Dr. Volgman discusses the number one killer of women – heart disease.
Having a safe haven for women with heart disease was a major impetus for creating the Rush Heart Center for Women. Women with potential heart disease need a place where they can feel they’re really listened to and taken seriously.
In 12 years of practicing cardiology before opening theRush Heart Center for Women, the message I heard from my patients was their doctors didn’t listen to them. Some women who came to Rush felt the doctors made a conclusion about what was wrong with them the minute they walked through the door. They were diagnosed, not with a problem with their hearts, but rather with a problem in their heads.
Many women were told not to worry about their hearts since the problem was most likely just stress or anxiety. In my practice, 95 percent of these women turned out to have heart conditions, which were often missed by the previous doctors. It’s no wonder there have been more women than men dying from heart disease since 1984.
Besides my husband and two children, my passion is taking care of people as a cardiologist. I’ve been a cardiologist for 22 years. I’ve taken care of some famous patients, including Oprah Winfrey, Chicago Bulls players, Chicago White Sox players, news anchors, presidents of companies and also many grandmothers, mothers, wives and sisters of people like you and me. I’ve taken care of many women who weren’t treated well by their previous cardiologists simply because they were women.
I’ve taken care of young women who were found to have heart tumors during her third trimester of pregnancy, women with worsening condition of her congenital heart disease during pregnancy and women who developed heart failure from the pregnancy. And I’m proud to say, with careful monitoring, all these women have become mothers of healthy babies and are doing quite well.

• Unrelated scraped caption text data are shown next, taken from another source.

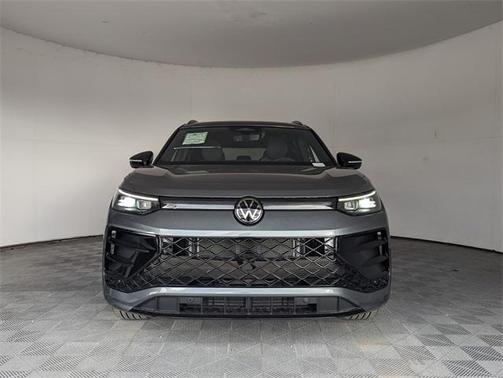 2025 Volkswagen Tiguan 2.0T SE R-Line Black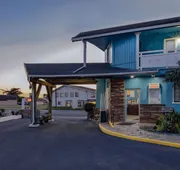 Oceanside Inn & Suites, a Days Inn by Wyndham hotel detail image 3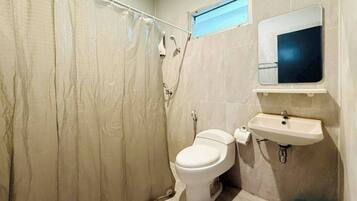 Shower, towels, soap, shampoo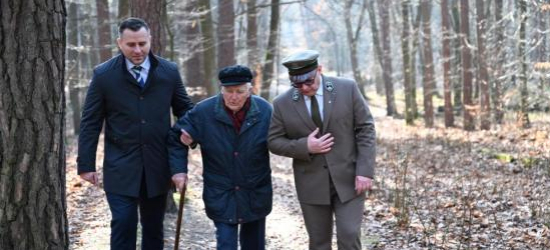 Leśnicy upamiętnili ofiary holokaustu (FOTO)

I’ve taken care of 90-year-old men and women who’ve graciously thanked me and given me permission to allow them to live with dignity. An elegant, 96-year-old patient of mine celebrated a birthday party given by her 70-year-old son at our hospital dining room, inviting all of her doctors and nurses. It was one of the most enjoyable birthday parties I’ve had at work. When I told her that we could implant a defibrillator to prevent her sudden cardiac death, she said she appreciated my offer and concern, but that she was fine with leaving this world without being shocked multiple times. She passed away with dignity a few months after that birthday party.
There are hundreds of women that come to the Rush Heart Center for Women and ask me to help them deal with their risks. Some have required gastric bypass surgery as a last resort to deal with their weight problems. Most just needed to be told they have to be more active and eat a healthier diet. Some have required angioplasties, stents, open-heart surgeries, catheter ablations, pacemakers and defibrillators. But all of them just needed to know their doctor was helping them get healthier and live a better quality of life. They just needed someone who cared for them.